**What you have to do**
Output the data in full. Keep every word exact and exclude the pictures.

**Data excerpt**
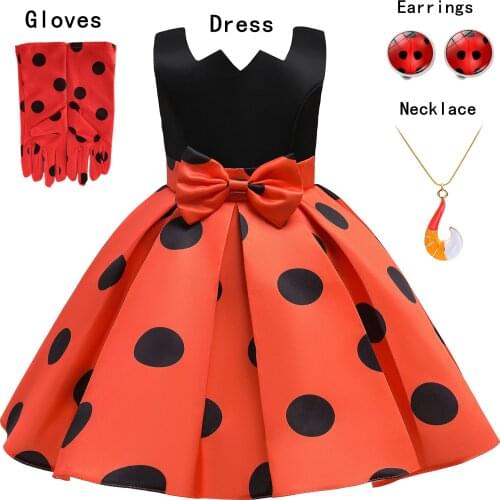 Carnival girls New Red bug birthday Party Dress gloves Retro Costume Kids Girl Clothes Moana Halloween Cosplay Dress Earrings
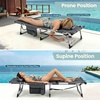 image:imageGiantex 2Pack Tanning Chair with 5 Adjustable Position Face amp Arm Hole HandShoulder Strap Removable Pillow Side Pocket 330 Lbs Capacity Lounge Chair Outdoor for Beach Sunbathing BlueGrey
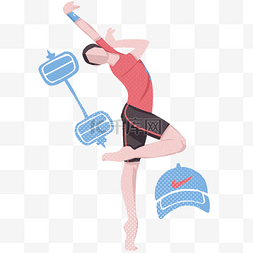 体操女孩图片_体操女孩和帽子插画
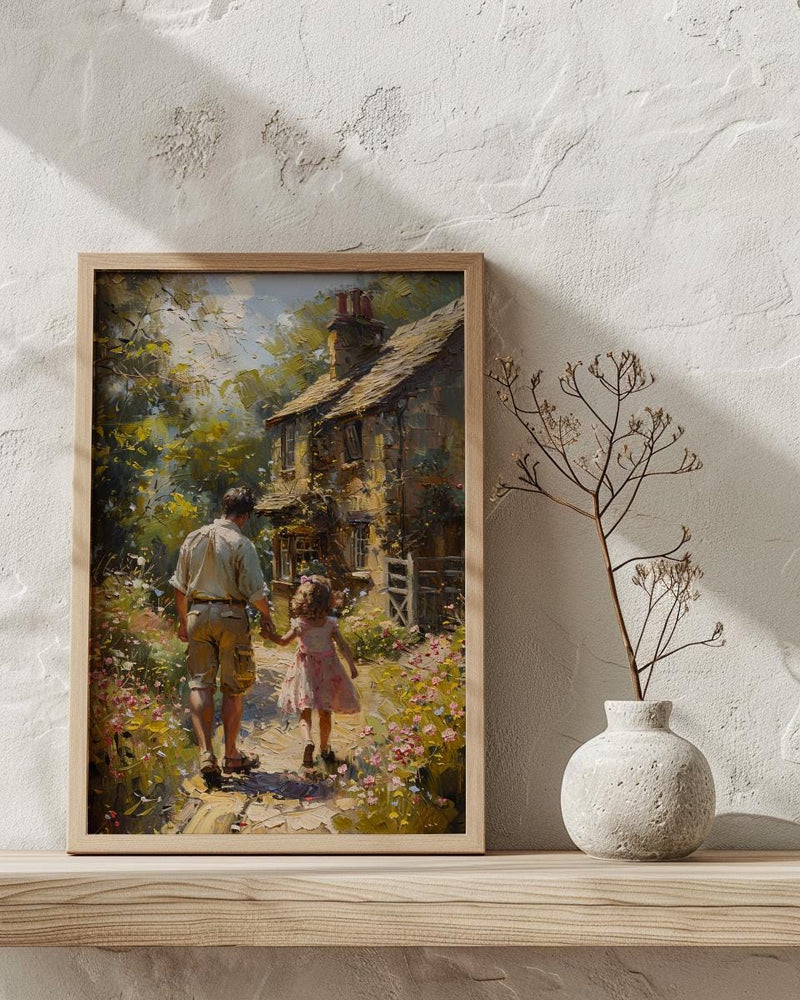 English Countryside Art Print, Father And Child Poster - Cozy Country Decor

**Completed exercise**
 Carnival girls New Red bug birthday Party Dress gloves Retro Costume Kids Girl Clothes Moana Halloween Cosplay Dress Earrings
 image:imageGiantex 2Pack Tanning Chair with 5 Adjustable Position Face amp Arm Hole HandShoulder Strap Removable Pillow Side Pocket 330 Lbs Capacity Lounge Chair Outdoor for Beach Sunbathing BlueGrey
 体操女孩图片_体操女孩和帽子插画
 English Countryside Art Print, Father And Child Poster - Cozy Country Decor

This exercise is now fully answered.